▶ What is being asked
Provide only the number of lines in the records below that contain "Gobierno".

▶ Data to examine
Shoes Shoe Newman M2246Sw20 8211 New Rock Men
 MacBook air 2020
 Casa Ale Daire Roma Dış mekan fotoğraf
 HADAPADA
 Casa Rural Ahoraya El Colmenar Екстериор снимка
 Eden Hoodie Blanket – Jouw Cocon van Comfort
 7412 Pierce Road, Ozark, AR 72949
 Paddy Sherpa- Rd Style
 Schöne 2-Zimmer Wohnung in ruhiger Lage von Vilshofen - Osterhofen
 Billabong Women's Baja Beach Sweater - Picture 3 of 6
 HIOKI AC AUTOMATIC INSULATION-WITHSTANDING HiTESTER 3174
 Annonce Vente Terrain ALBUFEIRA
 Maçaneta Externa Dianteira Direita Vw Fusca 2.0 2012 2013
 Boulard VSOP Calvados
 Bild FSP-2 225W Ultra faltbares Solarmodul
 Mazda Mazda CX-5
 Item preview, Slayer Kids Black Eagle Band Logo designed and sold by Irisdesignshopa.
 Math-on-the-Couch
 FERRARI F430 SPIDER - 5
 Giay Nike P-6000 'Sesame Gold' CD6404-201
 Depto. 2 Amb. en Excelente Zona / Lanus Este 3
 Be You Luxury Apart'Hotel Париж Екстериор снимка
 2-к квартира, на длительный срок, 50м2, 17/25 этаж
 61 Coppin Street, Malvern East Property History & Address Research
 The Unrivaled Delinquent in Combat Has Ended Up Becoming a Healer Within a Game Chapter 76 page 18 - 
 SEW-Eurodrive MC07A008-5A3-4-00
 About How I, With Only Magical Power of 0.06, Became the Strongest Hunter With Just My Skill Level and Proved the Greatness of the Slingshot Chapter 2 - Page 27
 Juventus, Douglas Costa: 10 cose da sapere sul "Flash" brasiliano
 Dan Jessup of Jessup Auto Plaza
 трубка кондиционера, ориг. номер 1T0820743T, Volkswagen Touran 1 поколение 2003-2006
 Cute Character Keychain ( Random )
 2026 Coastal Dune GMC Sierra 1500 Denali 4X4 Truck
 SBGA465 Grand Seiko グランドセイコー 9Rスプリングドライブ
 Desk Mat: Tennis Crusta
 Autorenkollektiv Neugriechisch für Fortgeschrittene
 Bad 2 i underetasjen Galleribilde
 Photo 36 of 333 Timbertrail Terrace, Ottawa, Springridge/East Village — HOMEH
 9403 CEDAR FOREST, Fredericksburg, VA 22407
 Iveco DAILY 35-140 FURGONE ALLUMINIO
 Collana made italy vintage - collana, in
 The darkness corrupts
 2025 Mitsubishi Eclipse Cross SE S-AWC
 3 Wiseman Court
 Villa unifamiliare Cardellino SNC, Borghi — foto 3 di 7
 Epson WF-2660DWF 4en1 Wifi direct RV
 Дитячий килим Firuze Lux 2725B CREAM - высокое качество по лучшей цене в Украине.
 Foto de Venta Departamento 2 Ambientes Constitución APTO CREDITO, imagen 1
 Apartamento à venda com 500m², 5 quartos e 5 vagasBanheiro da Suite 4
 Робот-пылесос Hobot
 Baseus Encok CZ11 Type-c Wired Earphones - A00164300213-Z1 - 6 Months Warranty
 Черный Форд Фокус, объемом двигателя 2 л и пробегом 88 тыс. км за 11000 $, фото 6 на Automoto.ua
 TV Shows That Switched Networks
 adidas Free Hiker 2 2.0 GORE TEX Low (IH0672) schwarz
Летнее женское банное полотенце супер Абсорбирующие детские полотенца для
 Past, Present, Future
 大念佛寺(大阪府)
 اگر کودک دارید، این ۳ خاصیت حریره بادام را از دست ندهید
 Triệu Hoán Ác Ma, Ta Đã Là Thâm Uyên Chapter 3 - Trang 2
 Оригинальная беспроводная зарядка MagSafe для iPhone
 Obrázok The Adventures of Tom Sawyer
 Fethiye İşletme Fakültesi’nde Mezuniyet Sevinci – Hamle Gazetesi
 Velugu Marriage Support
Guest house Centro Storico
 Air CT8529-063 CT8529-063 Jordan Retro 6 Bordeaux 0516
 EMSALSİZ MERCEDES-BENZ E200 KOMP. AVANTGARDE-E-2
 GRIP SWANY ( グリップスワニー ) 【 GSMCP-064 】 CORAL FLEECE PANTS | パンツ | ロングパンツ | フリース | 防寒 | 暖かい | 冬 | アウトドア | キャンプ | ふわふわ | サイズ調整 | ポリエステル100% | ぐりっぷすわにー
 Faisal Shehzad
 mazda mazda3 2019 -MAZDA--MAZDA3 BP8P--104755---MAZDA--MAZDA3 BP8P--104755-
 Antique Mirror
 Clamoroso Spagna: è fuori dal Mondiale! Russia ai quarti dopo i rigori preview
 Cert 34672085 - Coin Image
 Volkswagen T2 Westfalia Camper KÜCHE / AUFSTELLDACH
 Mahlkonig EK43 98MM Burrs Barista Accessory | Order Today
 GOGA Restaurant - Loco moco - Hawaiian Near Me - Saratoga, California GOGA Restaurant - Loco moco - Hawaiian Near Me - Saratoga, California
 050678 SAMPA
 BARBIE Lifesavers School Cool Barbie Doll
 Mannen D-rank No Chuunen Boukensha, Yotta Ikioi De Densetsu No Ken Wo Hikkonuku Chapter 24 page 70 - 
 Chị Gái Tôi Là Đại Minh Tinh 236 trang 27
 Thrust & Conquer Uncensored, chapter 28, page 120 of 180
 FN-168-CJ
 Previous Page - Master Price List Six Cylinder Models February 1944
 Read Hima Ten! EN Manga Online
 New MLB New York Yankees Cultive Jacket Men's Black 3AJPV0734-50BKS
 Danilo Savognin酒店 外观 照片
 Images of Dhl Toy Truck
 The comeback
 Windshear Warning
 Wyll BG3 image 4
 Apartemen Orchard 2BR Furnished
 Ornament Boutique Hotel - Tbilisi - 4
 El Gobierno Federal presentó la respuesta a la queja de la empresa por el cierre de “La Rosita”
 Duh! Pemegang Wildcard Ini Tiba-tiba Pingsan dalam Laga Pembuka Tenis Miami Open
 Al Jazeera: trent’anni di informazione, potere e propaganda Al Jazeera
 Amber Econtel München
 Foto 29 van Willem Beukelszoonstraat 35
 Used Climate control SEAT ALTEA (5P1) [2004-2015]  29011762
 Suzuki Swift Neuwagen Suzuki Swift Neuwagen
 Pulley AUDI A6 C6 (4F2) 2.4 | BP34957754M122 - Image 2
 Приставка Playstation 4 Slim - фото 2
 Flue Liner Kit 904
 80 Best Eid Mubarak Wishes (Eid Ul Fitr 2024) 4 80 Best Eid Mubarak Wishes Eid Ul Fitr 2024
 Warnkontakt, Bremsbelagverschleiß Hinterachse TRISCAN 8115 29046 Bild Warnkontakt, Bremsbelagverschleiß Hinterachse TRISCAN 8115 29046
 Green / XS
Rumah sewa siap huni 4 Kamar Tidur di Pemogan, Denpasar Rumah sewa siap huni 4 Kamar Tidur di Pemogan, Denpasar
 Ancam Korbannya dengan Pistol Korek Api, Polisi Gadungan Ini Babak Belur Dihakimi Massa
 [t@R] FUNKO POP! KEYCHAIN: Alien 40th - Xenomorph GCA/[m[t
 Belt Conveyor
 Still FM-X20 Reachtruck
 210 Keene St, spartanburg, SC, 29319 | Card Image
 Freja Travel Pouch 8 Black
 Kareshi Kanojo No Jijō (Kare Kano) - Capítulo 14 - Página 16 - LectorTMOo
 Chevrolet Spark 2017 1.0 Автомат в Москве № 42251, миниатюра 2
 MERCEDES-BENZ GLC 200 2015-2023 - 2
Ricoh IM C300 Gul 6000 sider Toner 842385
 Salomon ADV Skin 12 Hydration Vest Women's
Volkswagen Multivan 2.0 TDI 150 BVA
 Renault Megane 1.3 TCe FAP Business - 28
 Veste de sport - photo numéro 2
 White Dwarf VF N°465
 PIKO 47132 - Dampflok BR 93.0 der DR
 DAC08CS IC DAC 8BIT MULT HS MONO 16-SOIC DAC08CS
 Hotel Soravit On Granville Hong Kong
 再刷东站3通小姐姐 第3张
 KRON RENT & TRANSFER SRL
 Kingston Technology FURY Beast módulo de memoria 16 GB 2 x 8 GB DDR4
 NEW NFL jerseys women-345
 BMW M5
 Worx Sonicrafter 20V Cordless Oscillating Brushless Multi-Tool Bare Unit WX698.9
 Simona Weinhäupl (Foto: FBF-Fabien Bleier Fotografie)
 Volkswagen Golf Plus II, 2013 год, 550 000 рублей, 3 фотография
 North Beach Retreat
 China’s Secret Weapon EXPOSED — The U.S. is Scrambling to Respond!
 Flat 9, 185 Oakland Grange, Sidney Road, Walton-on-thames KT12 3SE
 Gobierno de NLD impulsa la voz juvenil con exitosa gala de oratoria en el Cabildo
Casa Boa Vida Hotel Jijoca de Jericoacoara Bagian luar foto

▶ Answer
2